Seeds

Short thoughts, unpolished but cultivated

Auto-distillation for tasks by large models

We’re in the era where large models that run in the cloud can handle most straightforward tasks fairly quickly and accurately. The downside being, they are large, expensive models that run in the cloud. There’s many tasks that could be done quickly and effectively with smaller, specifically trained local models on my own machine with my own compute, without a dependency on Anthropic, OpenAI, OpenRouter, or whatever the cloud provider du jour is. What if we made making these smaller distilled models a core part of our workflows?

I’ve not sussed out a great interface for it yet, but the general workflow is that a larger model (or its harness) can identify when you are repeating a similar task multiple times. If it’s a task that it deems “simple”, it creates its own dataset of examples to train a much smaller model on. Some good cases for this could be categorization (eg, organize these downloads), simple data extraction (eg, get the first names out of this json), summarization, image conversion (eg, does this image that the user just downloaded need to be converted to a jpeg?), and similar tasks.
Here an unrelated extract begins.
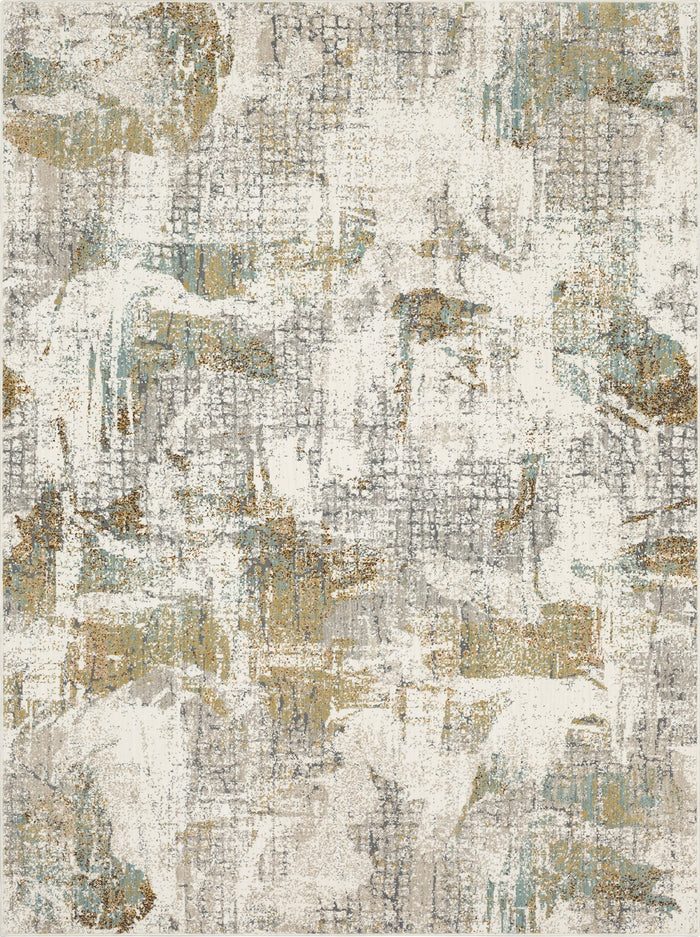 Karastan Epiphany Merce Alabaster Area Rug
The advantage here being that, when tuned for one specific task, a smaller model can be much more efficient at tasks that it is capable of doing. It can be loaded into memory faster, so we can essentially run them as “on-demand” models. Their cost-effectiveness and speed would allow us to have a handful (or more) of very specific models that are able to do one thing, and do one thing well. Unlocking cost-effective automations that work online and offline, and are speedy, private, and essentially free because they run on our own hardware.

The dream would be some level of OS (or browser?) integration so that it can proactively identify and automate tasks that the user does frequently, so that the user doesn’t have to think about and identify tasks that could be effectively automated or accelerated by a model.

Challenges#

  • How does a model determine repetition, and “simple tasks”? That’s a hard problem to solve. Maybe v1 has the user manually specify these models, then publish them to some kind of marketplace for? Then you have the discovery issue, and the fact that the user (or agent) still needs to figure out which tasks are worth pulling a smaller model to automate.
  • Models struggle with correctness. How do you verify that this small, well-trained model is actually working properly?
  • As we create more and more models for specialized tasks, how do we keep track of them? Or update them? It could quickly turn into a model wrangling problem.
Permalink: Auto-distillation for tasks by large models

Will paying per token change when I run AI agents?
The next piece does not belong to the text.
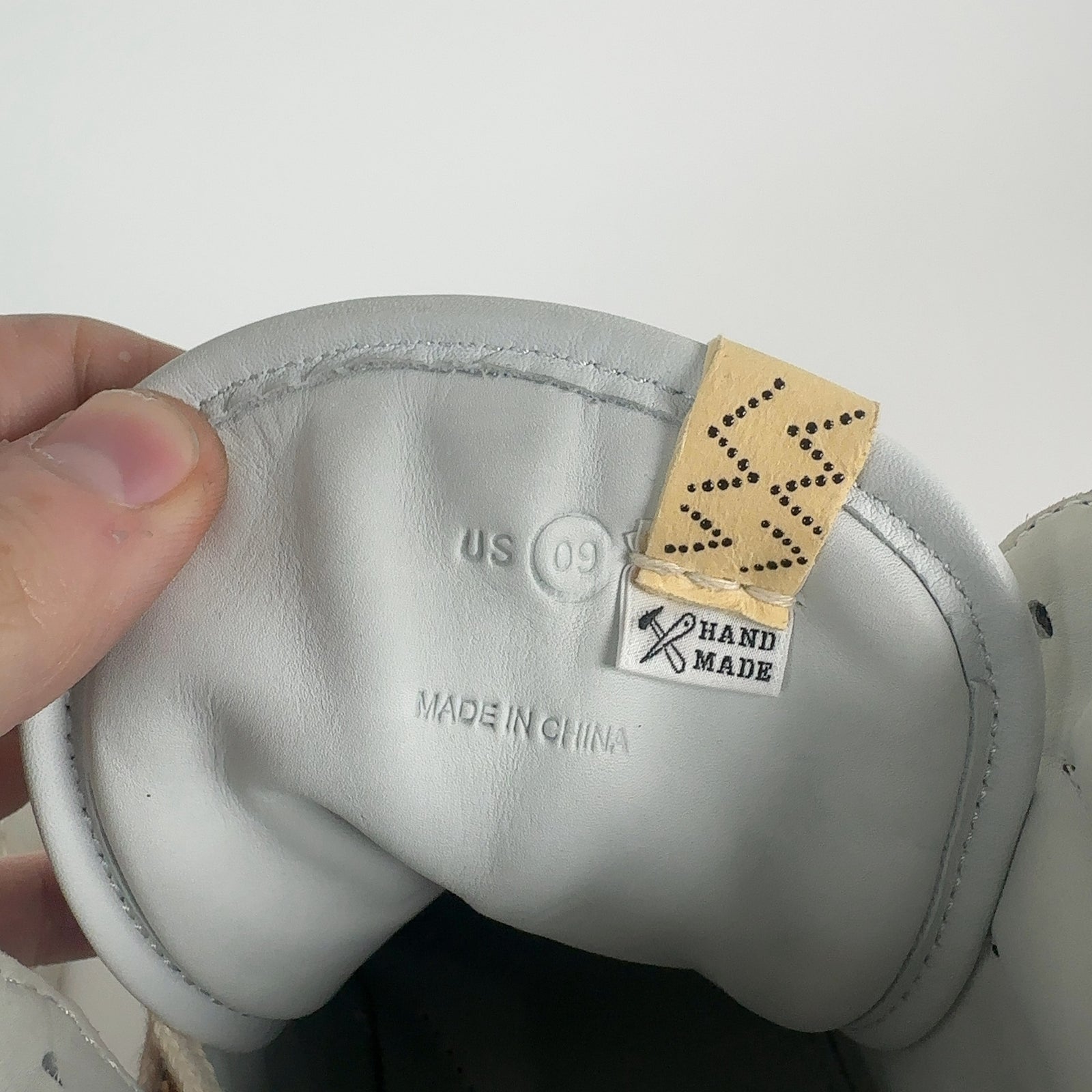 Visvim Chamberlain Hi Blue Hightop Sneakers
There’s an interesting phenomena where, with AI agents, I feel like if I don’t have my agents running on tasks, then I’m missing out or wasting time. Part of this is because orchestrating agents is fun, but I think the “not being wasteful” portion of this is also real. Other people have written about feeling like they are missing out if they don’t have agents running, too.
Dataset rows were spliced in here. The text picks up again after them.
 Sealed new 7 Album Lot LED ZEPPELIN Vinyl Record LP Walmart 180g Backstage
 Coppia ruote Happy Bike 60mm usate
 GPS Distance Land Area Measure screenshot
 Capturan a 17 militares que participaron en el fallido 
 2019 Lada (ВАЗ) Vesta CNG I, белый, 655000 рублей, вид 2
We’re seemingly moving in a direction where token costs are no longer subsidized by the inference providers with their subscriptions (see Github’s recent changes to the Copilot plans). I wonder if, when I have to pay per token, I’ll be less incentivized to work with agents on the evenings and weekends? We know that agents require careful tending, and low-effort prompts or leaving them to make their own decisions often doesn’t turn out well. When I have to pay for their mistakes (instead of my subscription’s 5hr quota absorbing it), will I feel less like I’m squandering my time if I’m not using agents when I’m not at my best?

Permalink: Will paying per token change when I run AI agents?

While I love working with "just text" on desktop, that's a sub-optimal approach on mobile

For example, I use Obsidian on desktop with markdown files, use Vim to edit it, and it’s great. I can type quickly, dictate, edit properties, etc.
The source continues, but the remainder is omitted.